Performers: Meg MacCaryNikolai Mishler, Marielle Young

Sound Design: Ben Gullard | Production Design: Marika Kent


SYNOPSIS

Artists copy one another, whether it be in the repetition of plots or the mimicking of styles. Copying can be viewed as a form of adaptation - one that allows for a process of transformation to take place between the product of one artistic practice into that of another. But how does this practice of copying affect the eventual adaptation? And can the copy ever be as sharply drawn as the original?

"copy"  noun \ ˈkä-pē

  • an imitation, transcript, or reproduction of an original work (such as a letter, a painting, a table, or a dress)
  • one of a series of especially mechanical reproductions of an original impression; also an individual example of such a reproduction

an excerpt from the novel The Magnificent Ambersons by Booth Tarkington:

  • Major Amberson had "made a fortune" in 1878, when other people were losing fortunes, and the magnificence of the Ambersons began then. Magnificence, like the size of a fortune, is always comparative, as even Magnificent Lorenzo may now perceive, if he has happened to haunt New York in 1916; and the Ambersons were magnificent in their day and place. Their splendour lasted throughout all the years that saw their Midland town spread and darken into a city, but reached its topmost during the period when every prosperous family with children kept a Newfoundland dog.

    In that town, in those days, all the women who wore silk or velvet knew all the other women who wore silk or velvet, and when there was a new purchase of sealskin, sick people were got to windows to see it go by. Trotters were out, in the winter afternoons, racing light sleighs on National Avenue and Tennessee Street; everybody recognized both the trotters and the drivers; and again knew them as well on summer evenings, when slim buggies whizzed by in renewals of the snow-time rivalry. For that matter, everybody knew everybody else’s family horse-and-carriage, could identify such a silhouette half a mile down the street, and thereby was sure who was going to market, or to a reception, or coming home from office or store to noon dinner or evening supper.

an excerpt from the screenplay of The Magnificent Ambersons by Orson Welles:

  • NARRATOR'S VOICE:  The magnificence of the Ambersons began in 1873.

    FADE IN on a dark screen.

    IRIS INTO: (1885) A house on a period street with a white picket fence. On the sidewalk, two ladies dressed in silk and velvet are passing three ladies dressed in silk and velvet. They greet each other.

    NARRATOR'S VOICE:  Their splendor lasted throughout all the years that saw their Midland town spread and darken into a city.
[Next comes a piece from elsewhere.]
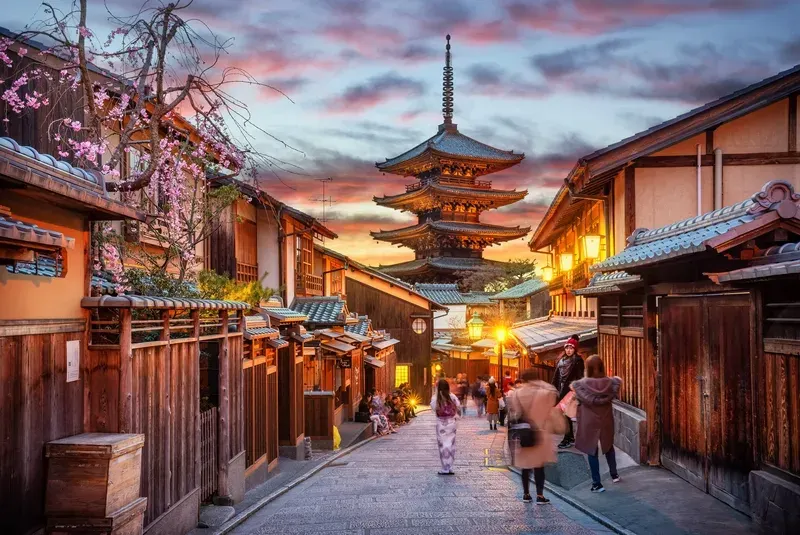 pagode-yasaka-ao-por-do-sol-visto-de-uma-rua-tradicional-no-bairro-de-higashiyama-em-Quioto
In that town in those days, all the women who wore silk or velvet knew all the other women who wore silk or velvet - and everybody knew everybody else's family horse-and-carriage.

    A horse-and-carriage enters in the f.g., on right side of the screen, and as it crosses the occupants, dressed in silk and velvet, wave to the ladies on the street – and the ladies wave back to the occupants.


SUPPORT

Cc: FANNY! is currently in development at Spaceworks in Brooklyn, NY.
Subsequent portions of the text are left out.